## [INFORMATION SUPPLIED]
----------
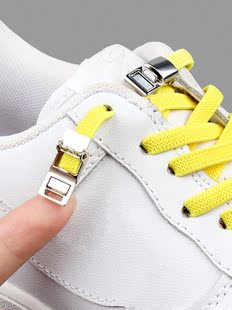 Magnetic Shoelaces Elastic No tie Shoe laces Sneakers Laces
----------
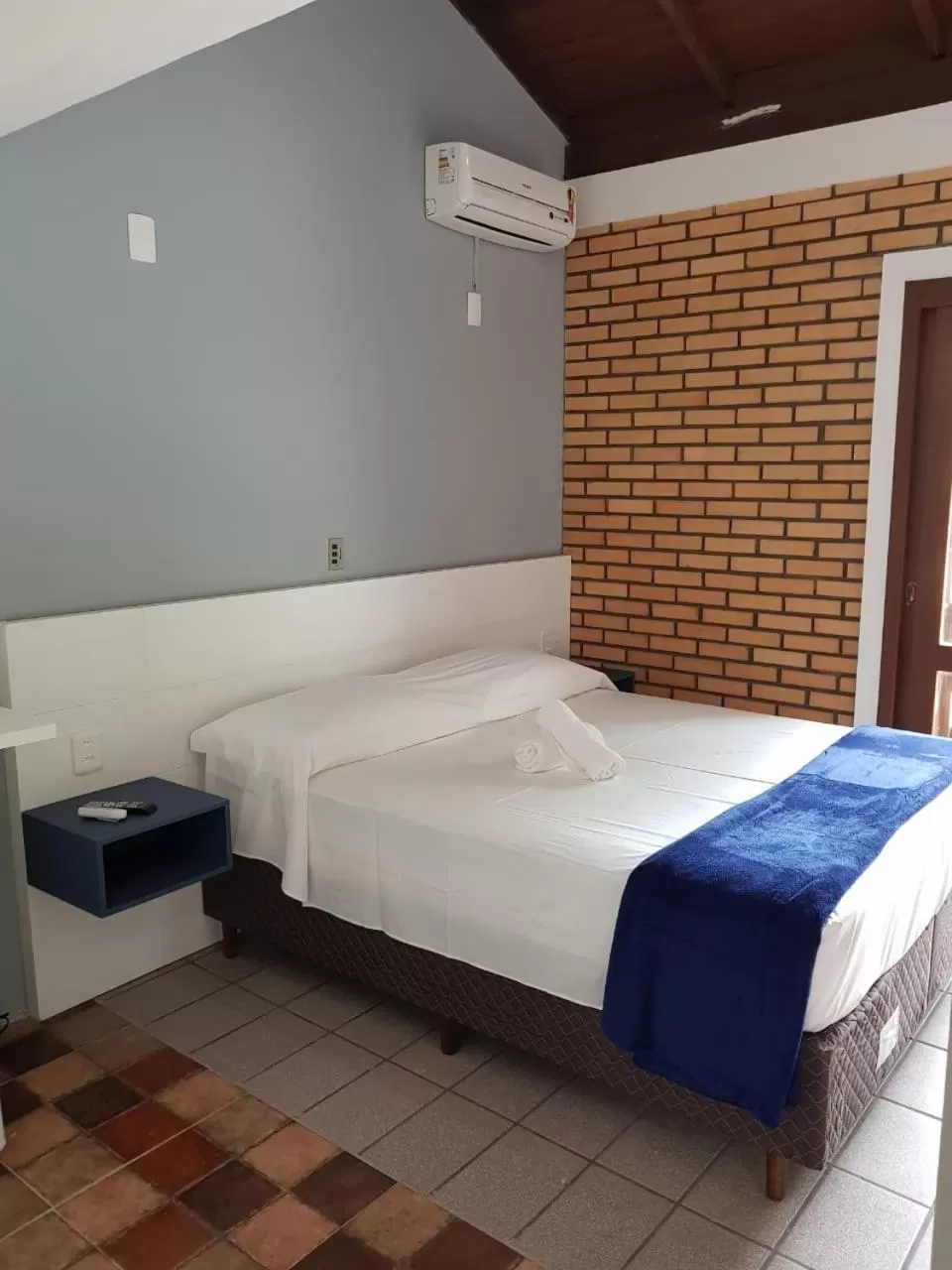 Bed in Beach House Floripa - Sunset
----------
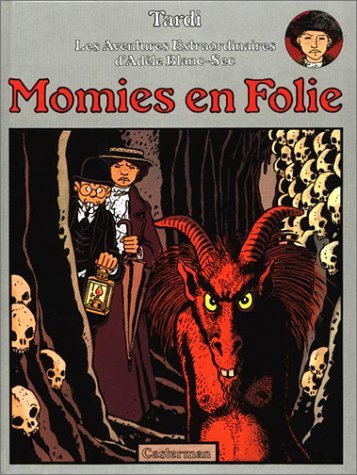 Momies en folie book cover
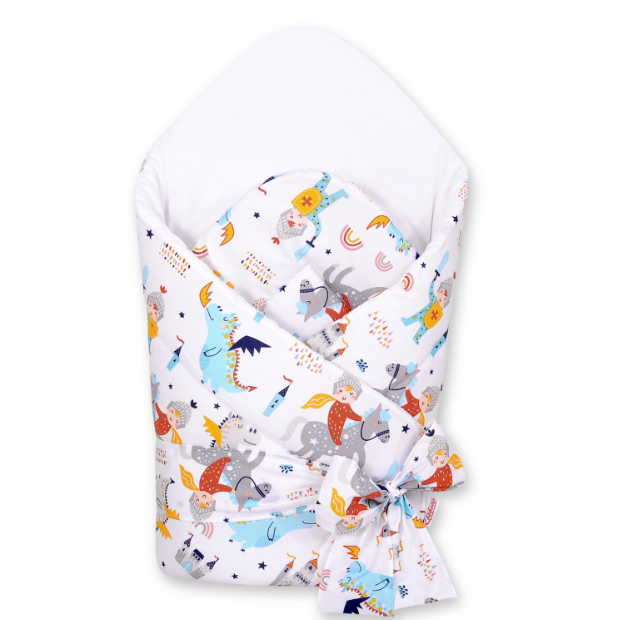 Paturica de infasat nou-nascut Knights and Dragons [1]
----------
## [ASSIGNMENT]
Starting at the line above that has "Momies en folie book cover" and ending at the line that has "Paturica de infasat", copy each line exactly, leaving the pictures out and adding nothing.

## [TASK RESULT]
 Momies en folie book cover
 Paturica de infasat nou-nascut Knights and Dragons [1]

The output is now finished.